Electronic and optical properties of the SnO2/CsPbI3 interface: Using first principles calculations

Crystal structure and photoelectric properties of the light absorbing layer (CsPbI3)/electron transporting layer (SnO2) heterogeneous interface were studied at the atomic and electronic levels by using the first principles calculations. The calculation of electronic band structure indicates that band gap of the cubic CsPbI3 is about 1.48 eV. The lattice mismatch of SnO2 (110)/CsPbI3 (100) interface is 4.45 % and the interface binding energy is -2.86 J/m(2). Due to the contribution of I-5p, Pb-6p, Pb-6s, and O-2p orbitals with the CsPbI3 (100) layer1 and SnO2 (110) layer1, the SnO2 (110)/CsPbI3 (100) interface exhibits some new electronic density of states nearby the Fermi level. The static dielectric constant of crystal CsPbI3 is 6.22, and its optical band gap is also approximate 1.48 eV.

Automated summary

The crystal structure and photoelectric properties of the CsPbI3/SnO2 interface were studied at the atomic and electronic levels using first principles calculations.
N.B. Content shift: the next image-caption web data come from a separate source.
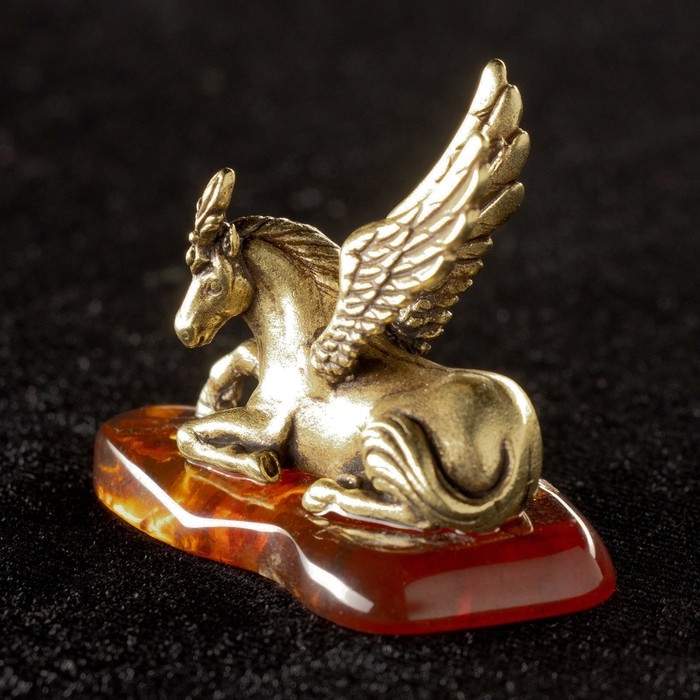 Сувенир Сувенир "Конь Пегас", латунь, янтарь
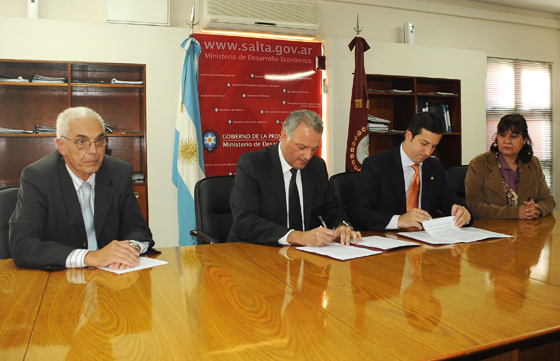 Acto de firma del convenio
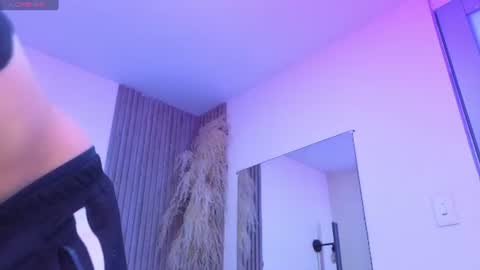 ey_im_simone_ online show from August 5, 7:20 pm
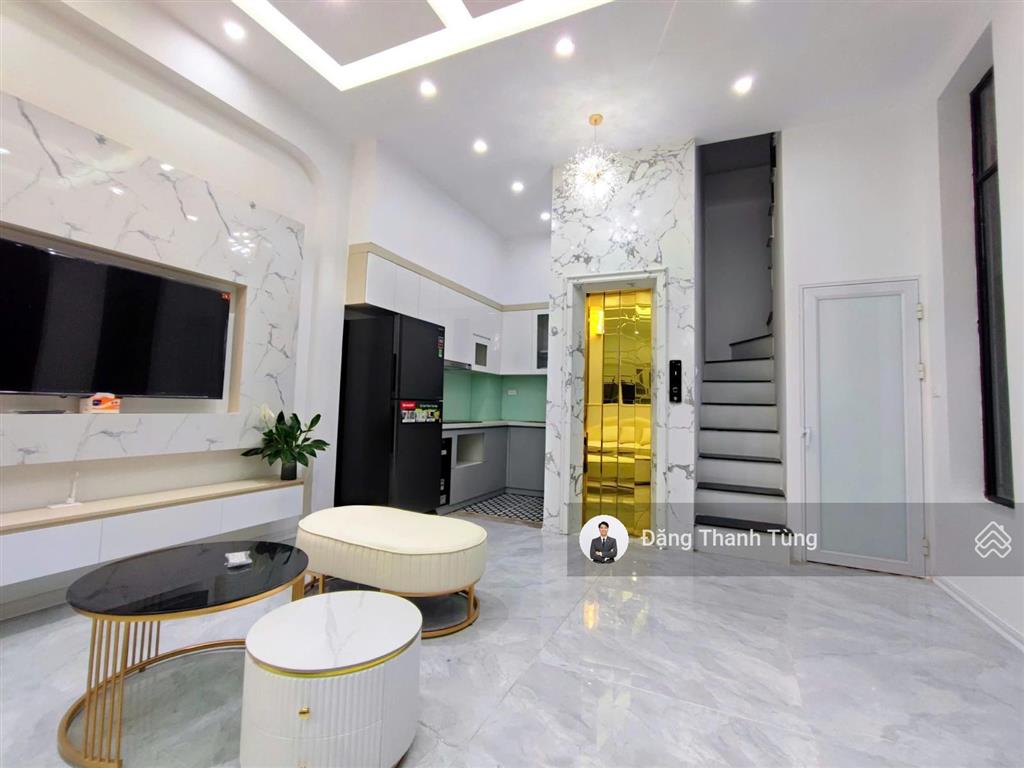 Bán nhà riêng thang máy khu vực đống đa  ô tô 7 chỗ đỗ cửa, 20m ra phố  dt 35m2  mt 5m x 6 tầng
Electronic band structure calculations revealed a band gap of about 1.48 eV for cubic CsPbI3, while the SnO2/CsPbI3 interface exhibited new electronic density of states near the Fermi level due to the contribution of specific orbitals. Static dielectric constant of crystal CsPbI3 was determined to be 6.22 with an optical band gap of approximately 1.48 eV.